Hey, what's going on here? Lost all my karma, and now look at my status back down to assistant cook.


----------



## GB (Jul 12, 2005)

You are using a different username than you were using before. This one only has one e, but your other one has 2 e's. Try logging out and logging back in with Rainee as your username.


----------



## Raine (Jul 12, 2005)

That fixed it.  Not sure how all that happened. Raine is the name I first joined with, but never got a confirmation email, and it wouldn't let me log in using Raine. So I joined again using Rainee.


----------



## GB (Jul 12, 2005)

I can merge the two usernames into one if you want. Would you like me to do that and if so which username would you like to keep?


----------



## Andy M. (Jul 12, 2005)

... lie back on the couch and relax. 

Now, just how long have there been two of you sharing the same name?  
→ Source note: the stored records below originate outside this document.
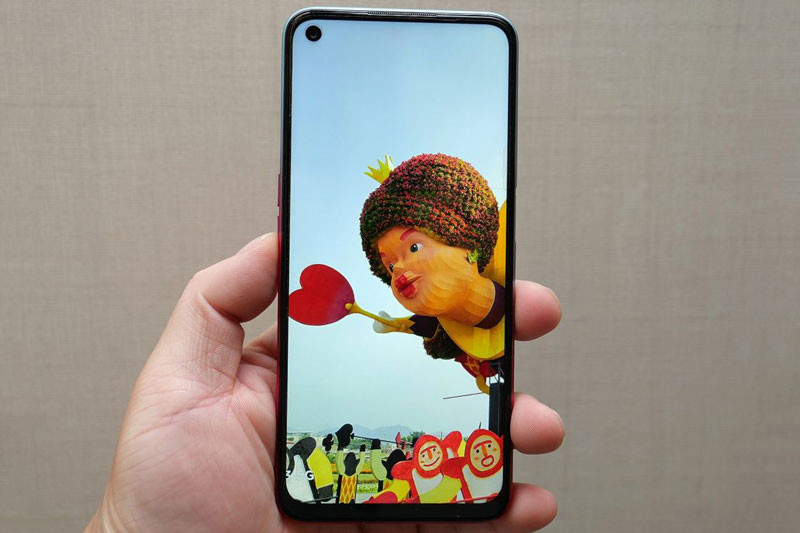 A73 5G được trang bị màn hình LTPS IPS LCD kích thước 6,5 inch, độ phân giải Full HD Plus (2.400x1.080 pixel), mật độ điểm ảnh 405 ppi. Màn hình này chia theo tỷ lệ 20:9, tích hợp dải màu DCI-P3, độ sáng tối đa 480 nit, chiếm 90,5%, tần số quét 90 Hz.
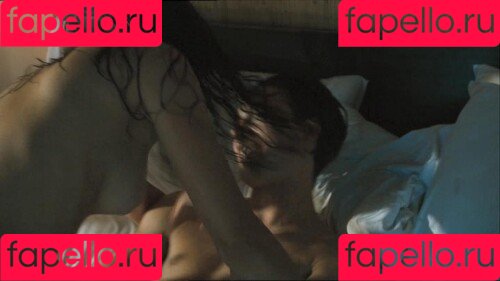 Mila Kunis Onlyfans Photo Gallery 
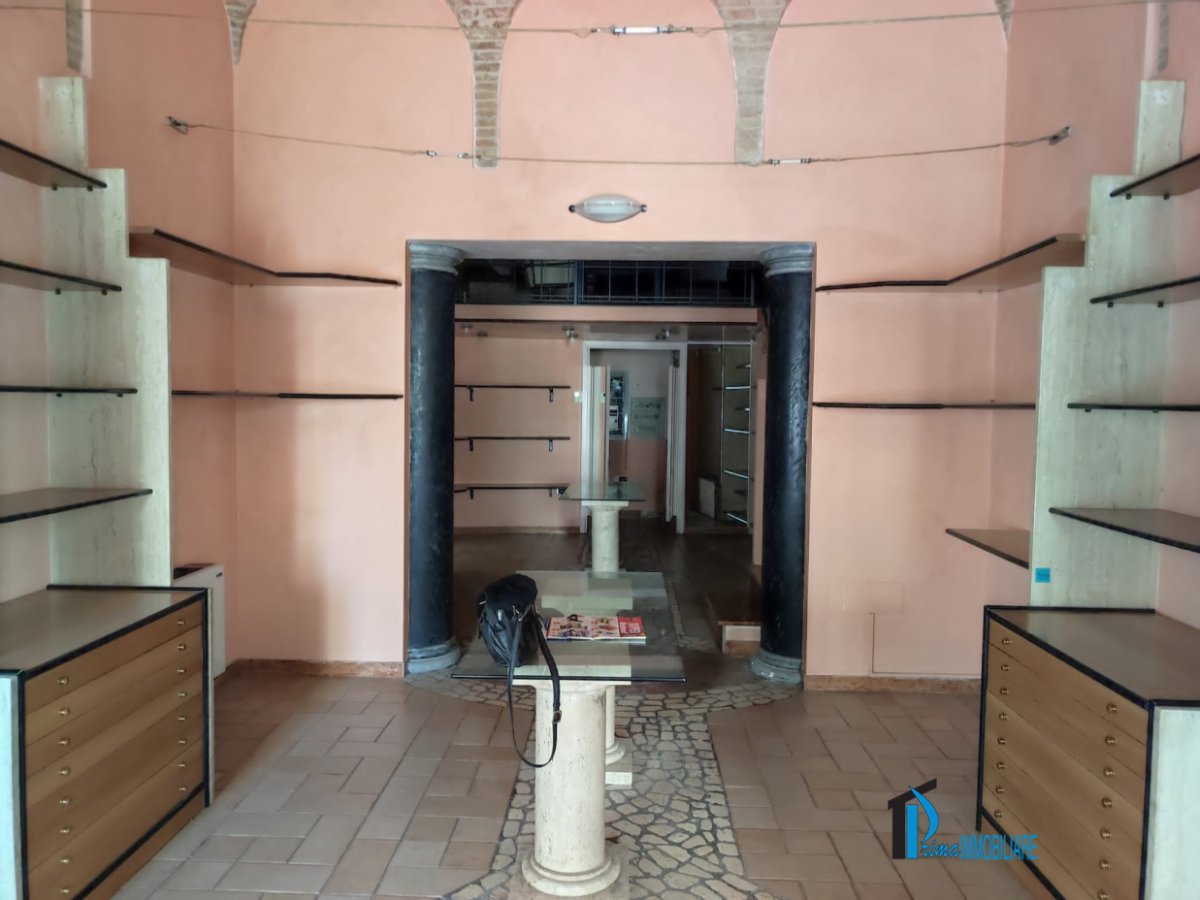 Shop/Commercial space for Rent Terni Terni, Rent Shop/Commercial space Terni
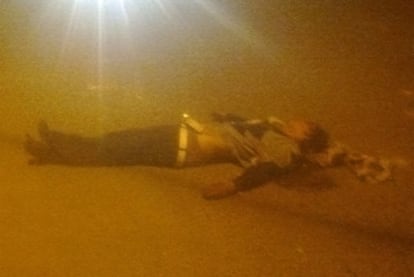 Un manifestante yace muerto en el pueblo de Sidi Bouzid.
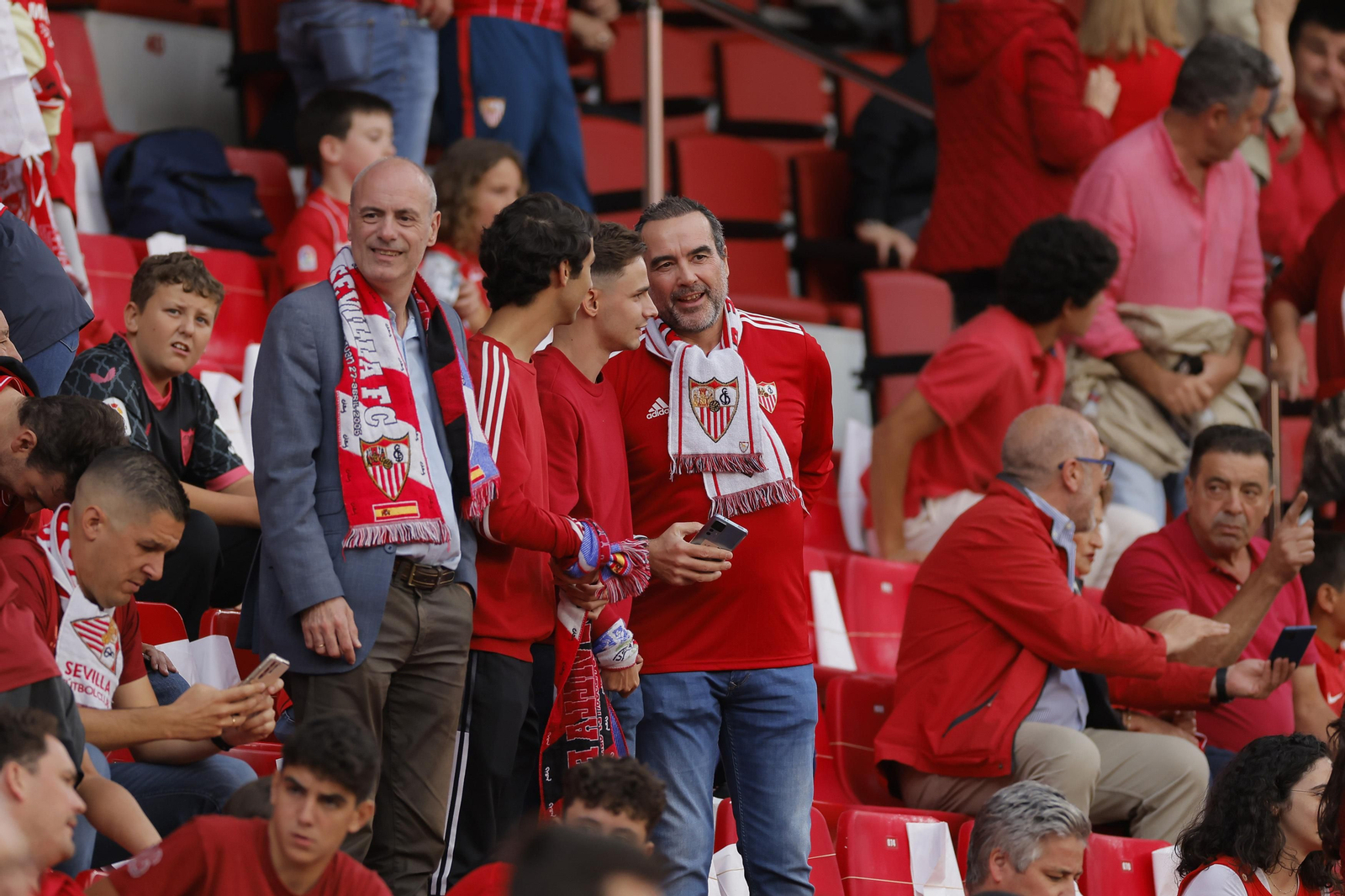 Búscate en las fotos del Sevilla-Juventus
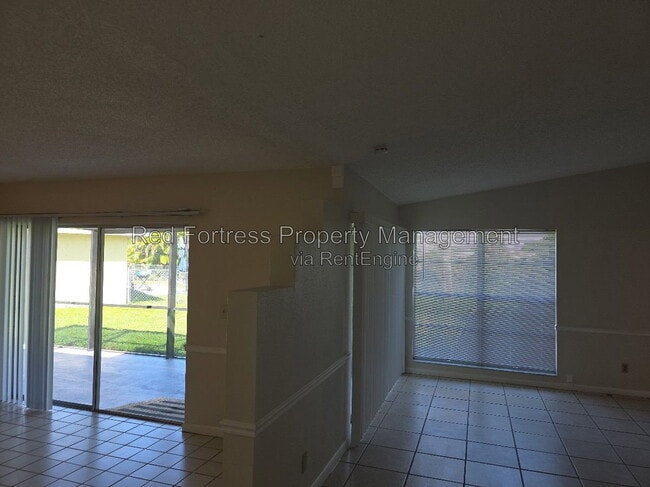 Foto del edificio - 1049 Ridgeway Dr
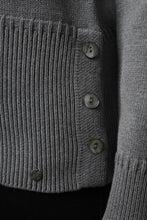 Laden Sie das Bild in den Galerie-Viewer, Gollehaug Pullover mit Kelchkragen und Knopfblende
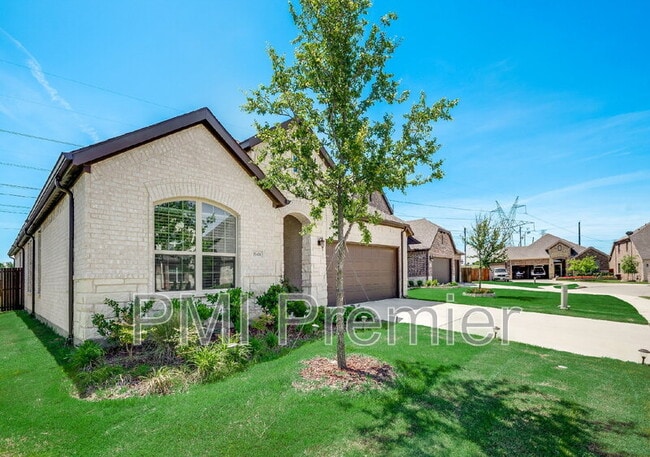 15404 Pioneer Bluff Trail, Roanoke, TX 76262 - photo 2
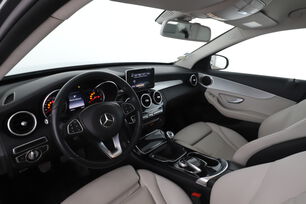 Intérieur côté conducteur 2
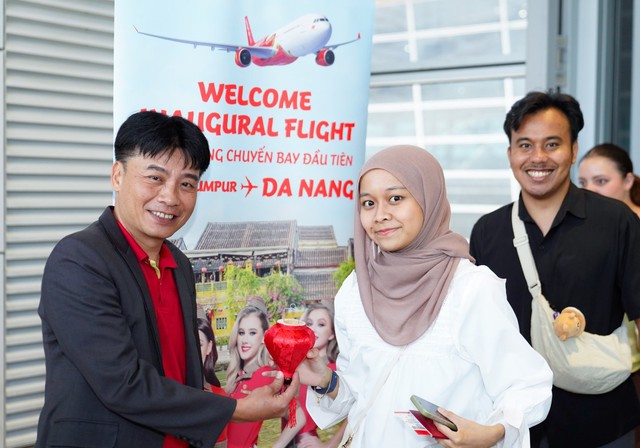 Vietjet khai trương đường bay mới kết nối Malaysia với thành phố biển Đà Nẵng - Ảnh 4.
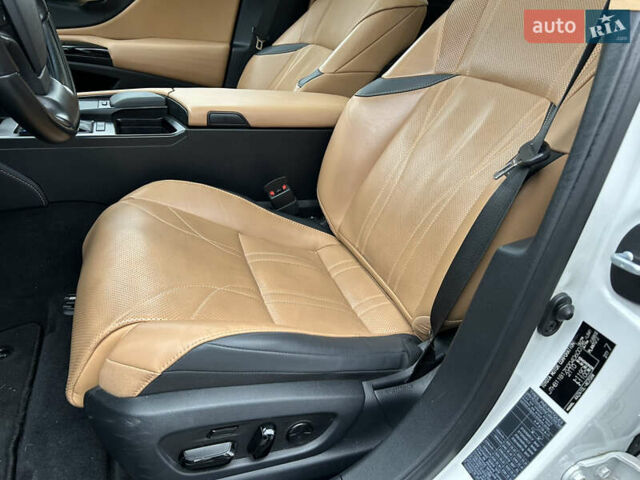 Белый Лексус ЕС, объемом двигателя 2.49 л и пробегом 51 тыс. км за 41900 $, фото 24 на Automoto.ua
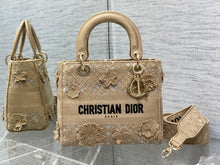 Load image into Gallery viewer, Christian Dior Medium Lady D-Lite Bag

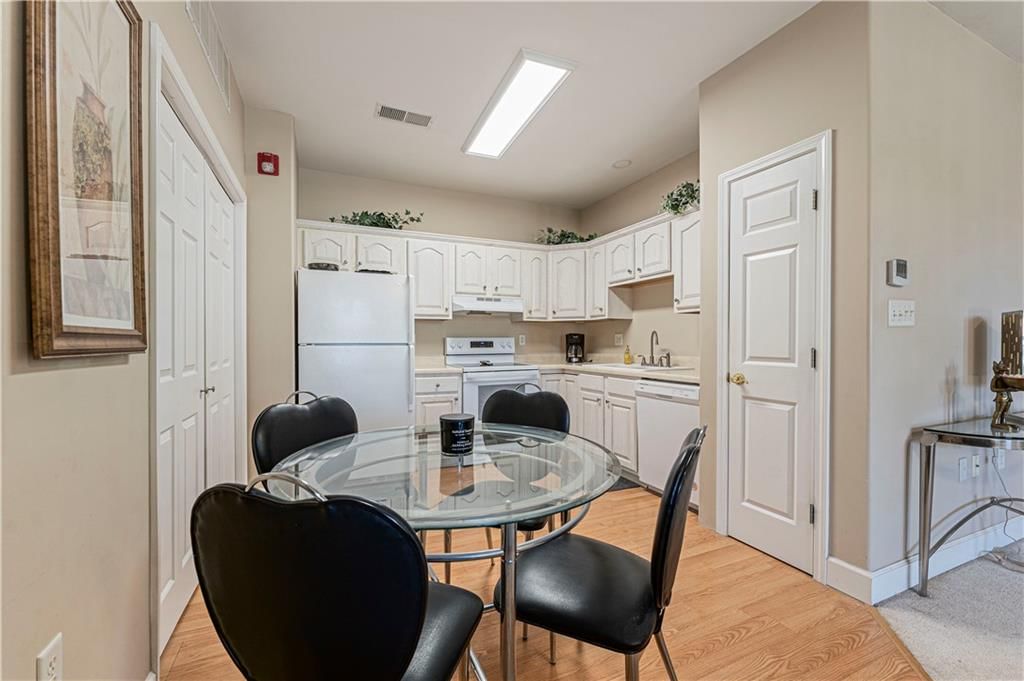 17201 E 32nd Unit 8 Street — photo 11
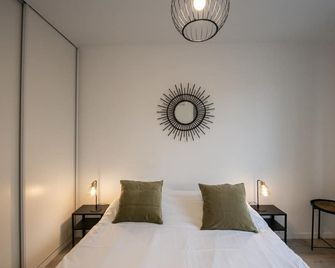 Le Bollier - Charmant appartement au calme - Lyon - Bedroom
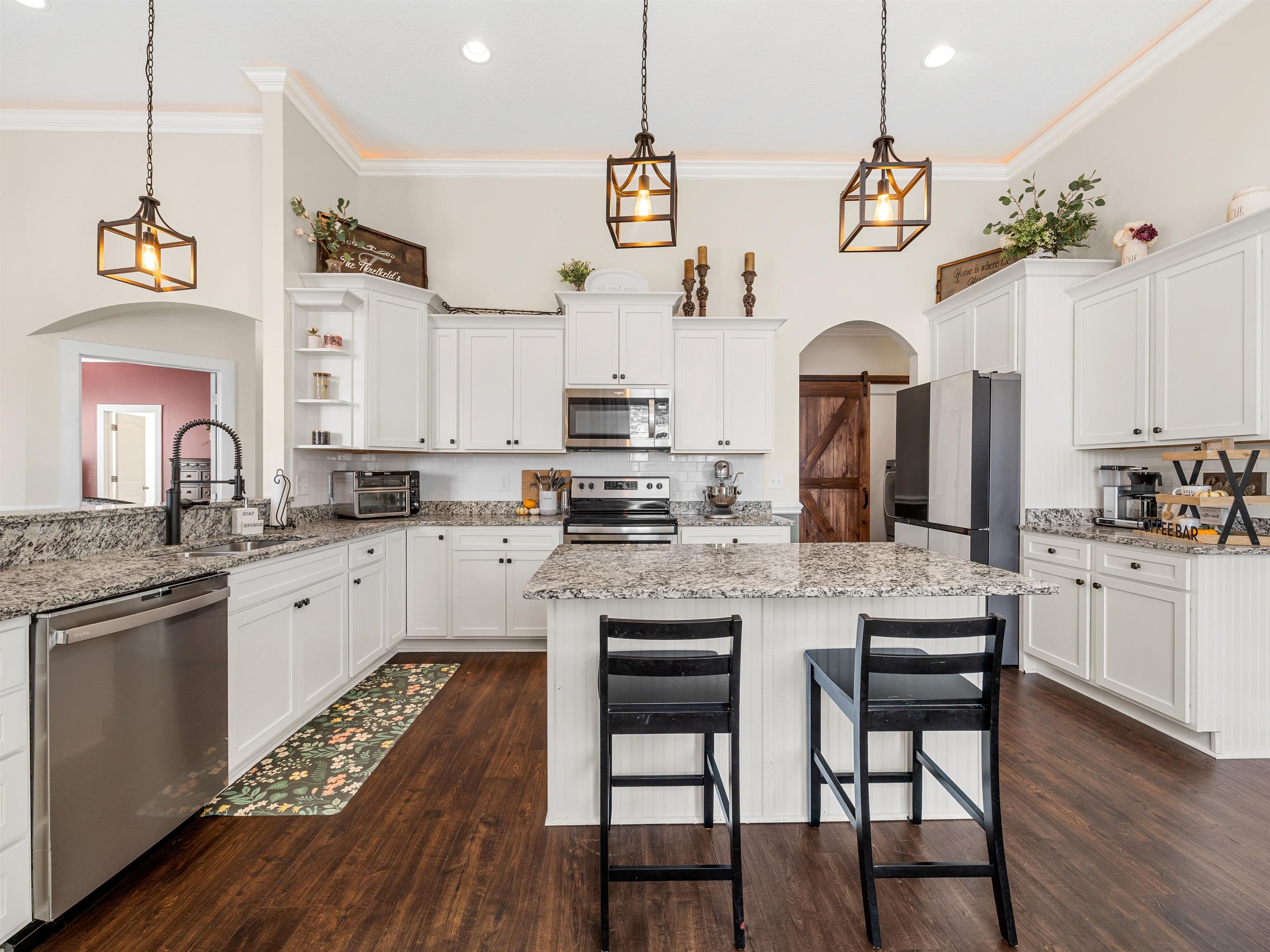 580 Canewood Lane Campobello, SC 29322 - Photo 11 of 48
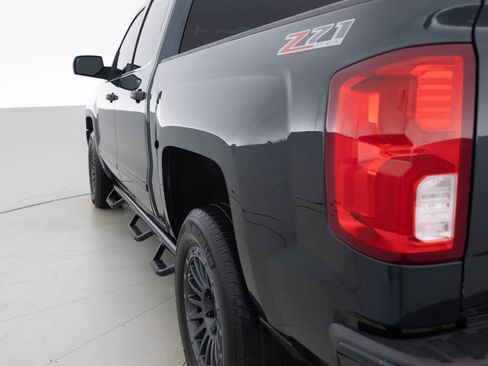 Used 2017 Chevrolet Silverado 1500 LTZ Z71 w/ LTZ Plus Package image 13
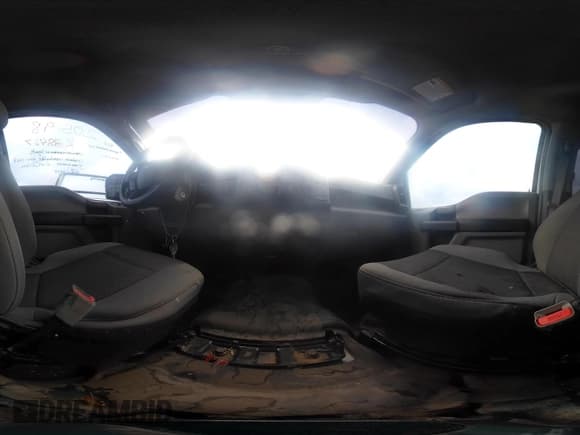 ✅ 2018 Ford F-150 XL • VIN: 1FTEW1EG9JKF64073 • Lot: 43423301. Wystawiony na IAAI z przebiegiem 103 674 mil. Bezpłatny archiwum sprzedaży aukcyjnych z USA i szczegółowy raport historii pojazdu na DreamBid. Zdjęcie 20.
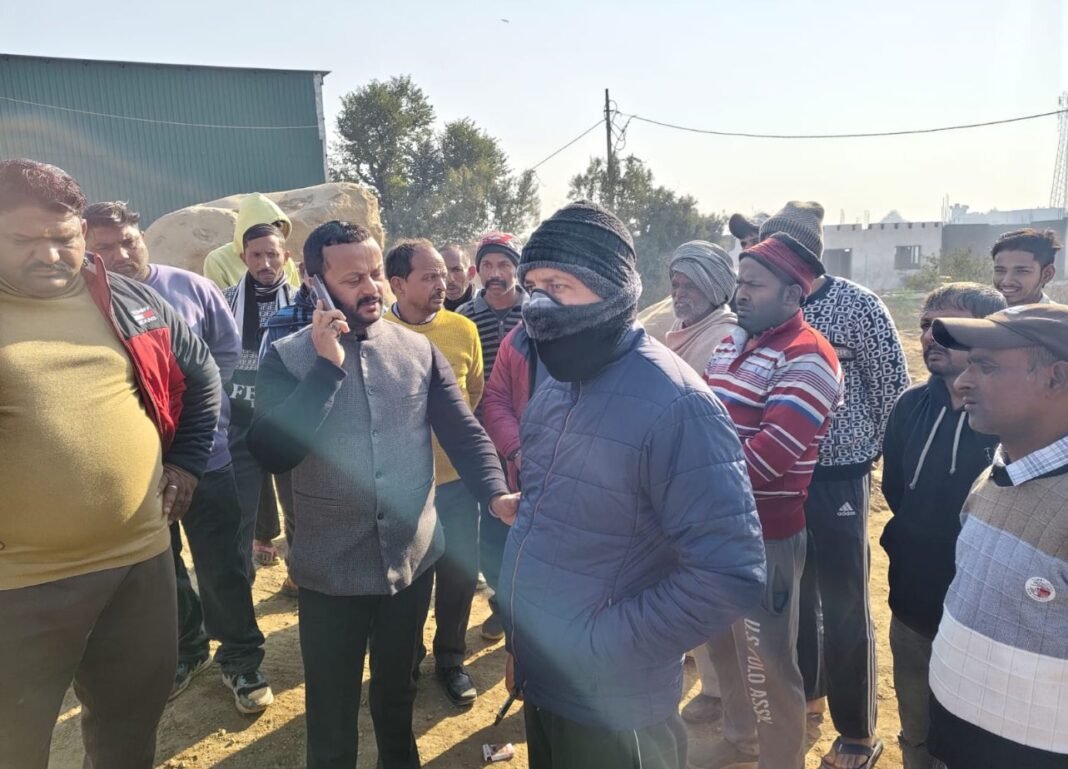 Local Residents Alert Congress District working President About Highway Safety Concerns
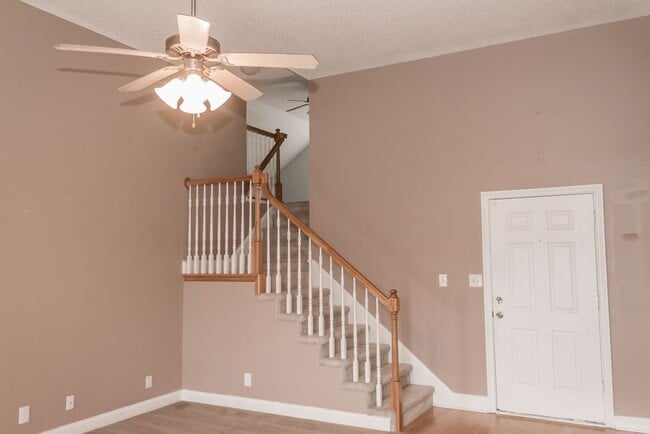 Building Photo - Nice home located on quiet Culdesac!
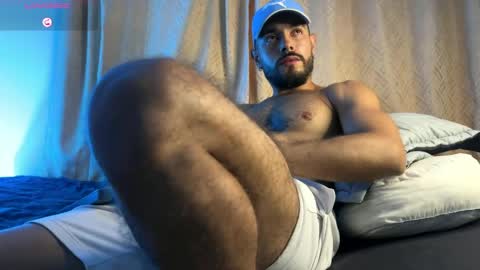 Mateo Baer online show from April 18, 2026, 4:27 am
Hmmmmm. Verrrrrrrry Interrrrresting!


----------



## Raine (Jul 12, 2005)

Will it keep all my current status?

If so let's go with Raine.


Thanks a bunch!


----------



## GB (Jul 12, 2005)

It will. I have merged the accounts. Your username is now Raine.


----------



## texasgirl (Jul 12, 2005)

Andy M. said:
			
		

> ... lie back on the couch and relax.
> 
> Now, just how long have there been two of you sharing the same name?
> 
> Hmmmmm. Verrrrrrrry Interrrrresting!


----------



## kitchenelf (Jul 12, 2005)

Andy M. said:
			
		

> ... lie back on the couch and relax.
> 
> Now, just how long have there been two of you sharing the same name?
> 
> Hmmmmm. Verrrrrrrry Interrrrresting!



cute AndyM


----------



## amber (Jul 12, 2005)

Andy M. said:
			
		

> ... lie back on the couch and relax.
> 
> Now, just how long have there been two of you sharing the same name?
> 
> Hmmmmm. Verrrrrrrry Interrrrresting!


 
Ok, that made me laugh


----------